再如《無聲戲》第四回《失千金福因禍生》篇末杭州柴鄉紳的故事,就不見于《連城璧》的相應篇什《遭風遇盜致奇贏、讓本還財成巨富》。還有,二書相應各篇每有文字出入,眉評、回末評此有彼無者時有所見。[①]故此有人認為《連城璧》與《無聲戲》既可看作是同一個小說集,也可看作是兩個集子。[②]
但筆者還是認可它們是“同一個小說集”的觀點。據相關資料介紹,《無聲戲》曾一度被列為禁書,于是李漁便將《無聲戲》更名為《連城璧》刊刻出版。不管李漁是出于經濟利益的考慮,還是出于不忍寓諸自己理想情懷的作品被淹沒的考慮,但更名出版已是事實,這也是把二書看成是同一個集子的理由。
再如《十二樓》又名《覺世名言》《覺世名言十二樓》,而日本佐伯文庫發現的《連城璧》足本,前面也冠有“覺世名言”字樣,即《覺世名言連城璧》,但未見有《覺世名言無聲戲》,這亦說明二者是同一個集子,因為既然更名了,當然就不會再出現《覺世名言無聲戲》了。

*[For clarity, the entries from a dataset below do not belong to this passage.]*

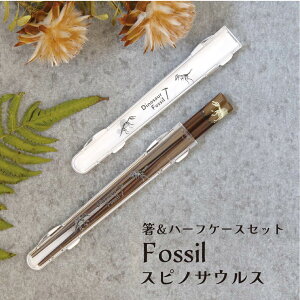 XsmTEX̉Ε n[tP[XƔ̃Zbg Fossil 18.0cmy P[X n[tP[X  Zbg Ȃ  VGbg H ٓ ` sNjbN  ^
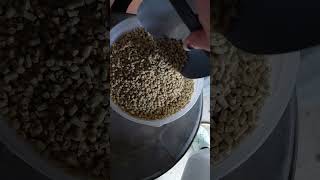 Dumping Feed For Chickens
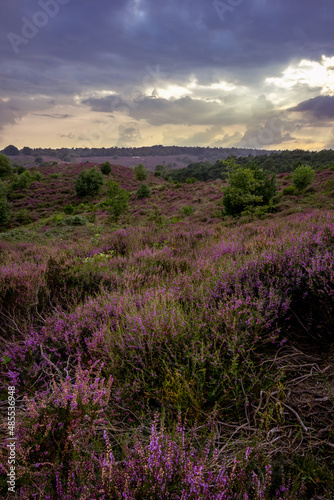 Thick clouds over the purple-filled moor in the Pos . nature park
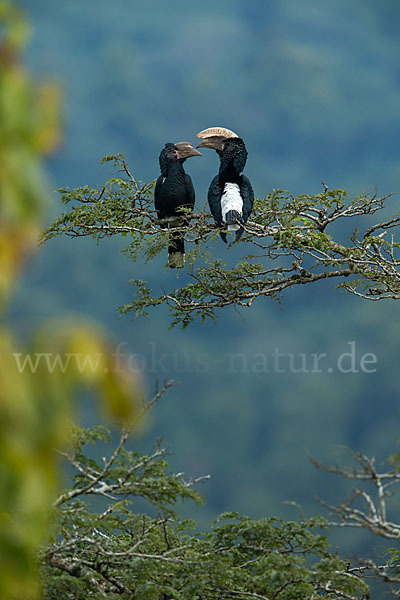 Silberwangen-Hornvogel (Bycanistes brevis)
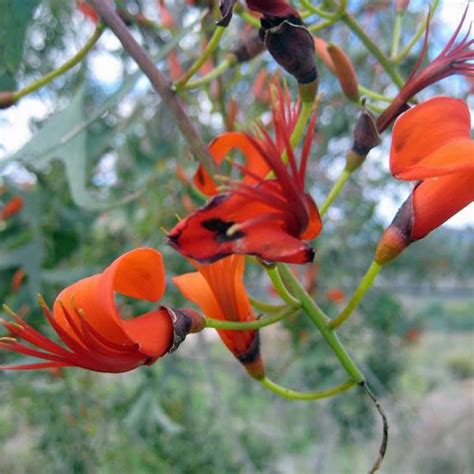 Buy Erythrina Vespertilio Bats Wing Coral Tree Australian Seed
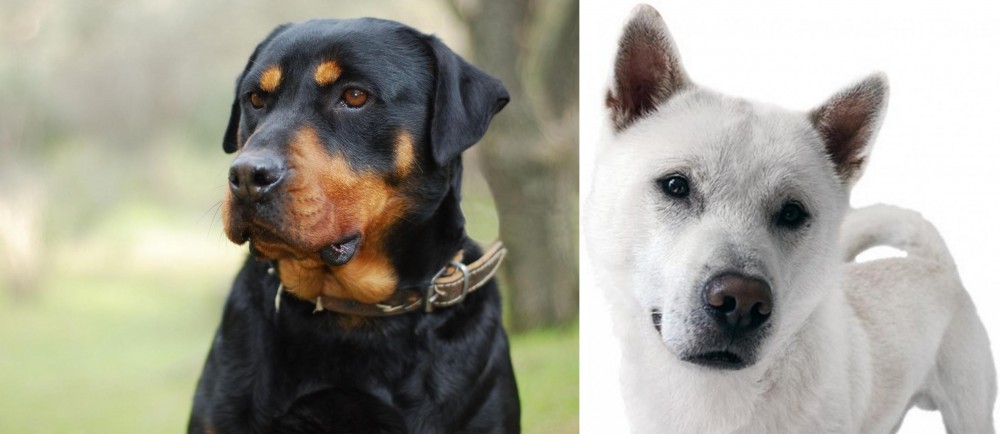 Kishu vs Rottweiler - Breed Comparison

至于其中細節上有所不同,那也只能作為版本的不同來看待,而不能作為兩種小說集來認定,故此李漁的短篇小說集就只有兩個,即為《無聲戲》(或《連城璧》)和《十二樓》。
清刊本《無聲戲》
說《無聲戲》因被禁而更名《連城璧》出版這是完全可以理解的;說將《連城璧》和《十二樓》二書前面皆冠上“覺世名言”更能理解,因為二書畢竟是同一個作者所編撰的同一類型的小說集,就自然要體現出它們間的一致性和系統性;而李漁的短篇小說步武馮夢龍又有所創新,且二書中“覺世名言”的冠名顯然是仿馮夢龍《喻世明言》《警世通言》《醒世恒言》等書的命名。
有人猜測李漁將《無聲戲》易名出版時,《十二樓》已經問世,且問世于順治十五年之前,便給兩書起了一個統一的名字,然后標出《覺世名言連城璧》《覺世名言十二樓》。這個猜測及其猜測的理由亦無不妥,更何況二書在作者、評點者的題署上也完全一致,皆為“覺世稗官編次、睡鄉祭酒批評”,而“覺世稗官”是李漁之托名,“睡鄉祭酒”即李漁的朋友杜濬之托名。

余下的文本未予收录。